DSC was notionally about Michael Burnham and I think they could (note: not *should* but *could*) have developed her character more in s1 than they did. That’s just my opinion, of course and it’s one you clearly don’t agree with. Which is fine - I’m not trying to prove you wrong here! :)

But I think we’ve probably got everything we can out of this discussion at this point so I’m going to gracefully retire from it to save extensive back and forth with no movement! Thanks for the debate - the bits in between you disparaging my points (calling them ridiculous, manipulative, etc) were quite interesting! LLAP :)
 
I have been enjoying Discovery but I feel the Visual aspects of the series as well as the grandiose nature of the story line is not allowing the characters to present a face that we can identify or sympathize with. I feel Character development is taking a back seat.

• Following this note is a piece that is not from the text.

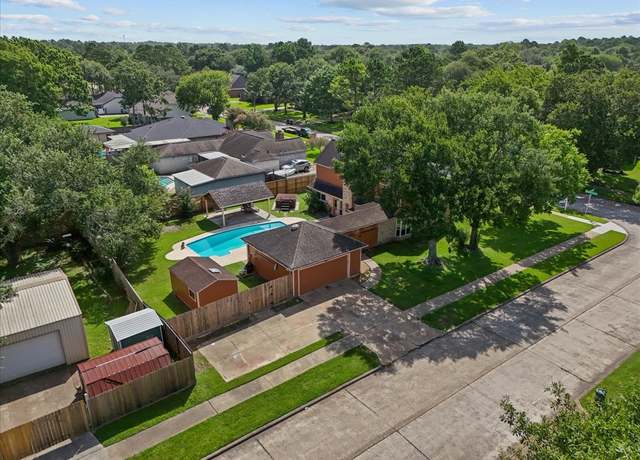 Property at 1017 Tipperary Ave, Friendswood, TX 77546, 4 beds, 2.5 baths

I don't agree with you. Not one bit. One of the reasons why I enjoyed "Discovery" so much was the character developments and revelations. I'm not the type of person to depend upon "spectacle" alone. Characterization has always been strong in the Trek franchise, even on a show like "Enterprise", of which I'm not a big fan.
 
The one defining a change in Bashir was completely lightswitched. Otherwise, he was still the same arrogant, pompous creep that he was in the beginning. The best you could say about him is he became slightly less annoying -- yet remained obnoxiously full of himself.
^^^
Yep, - when they turned him into an Augment in Season 6, practically everything that came before in the show about his character was wiped clean in that it was all his 'act' to not give himself away since genetic manipulation of Humans in illegal in the Federation.

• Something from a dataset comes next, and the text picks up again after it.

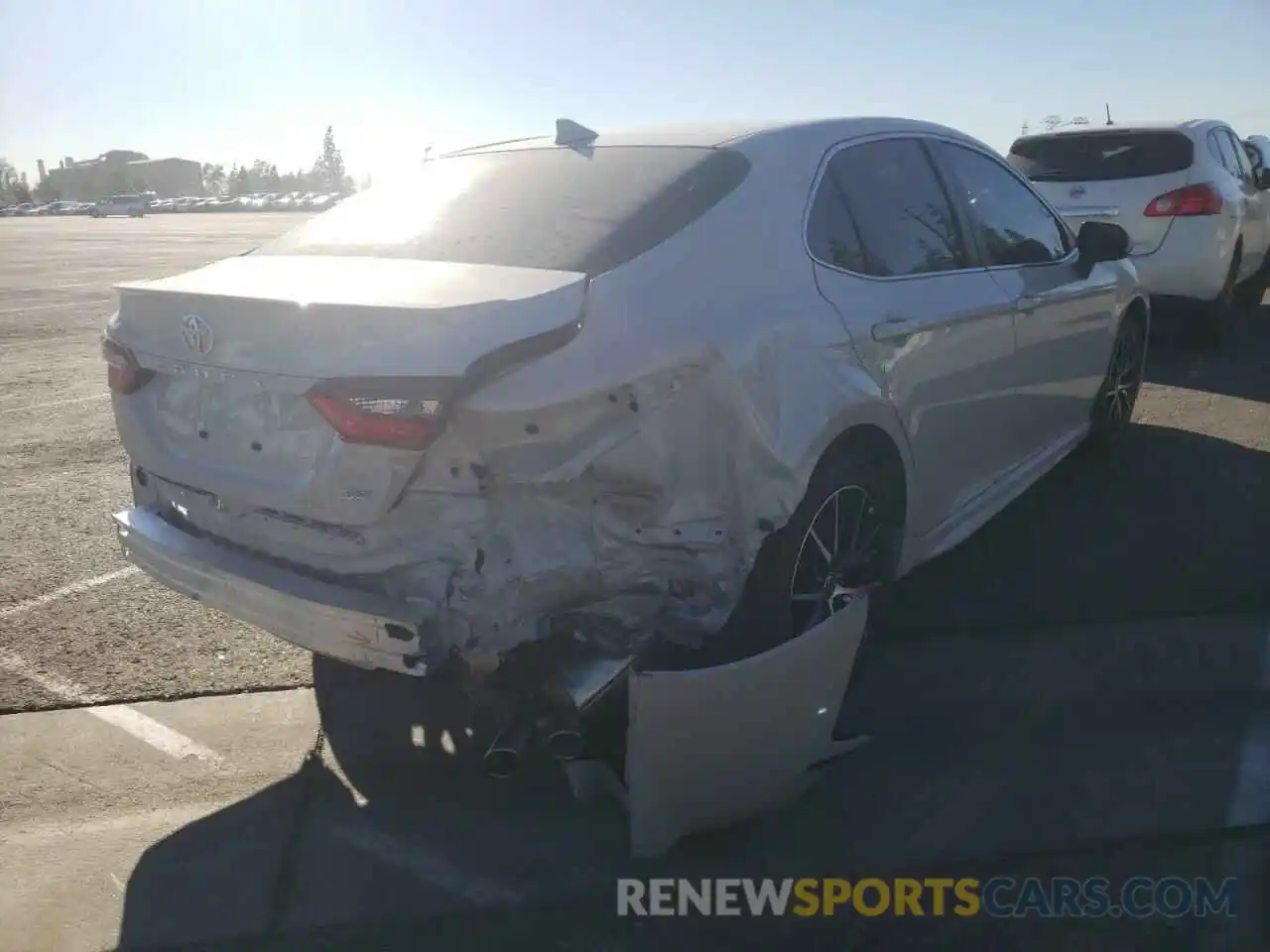 4 Photograph of a damaged car 4T1G11AK7NU017648 TOYOTA CAMRY 2022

It was klike they fcelt they needed a true 'Spock-Type' character (and Dax was 'smart' but not smart enough) - for the ability to do immediate exposition to the audience (like Spock often did for TOS) quickly when a story demanded it (IE On the exploding Bridge of a ship in combat, you can't have a character looking up something on a computer screen - the exposition has to come fast from a character who the audience believes could have the material memorized.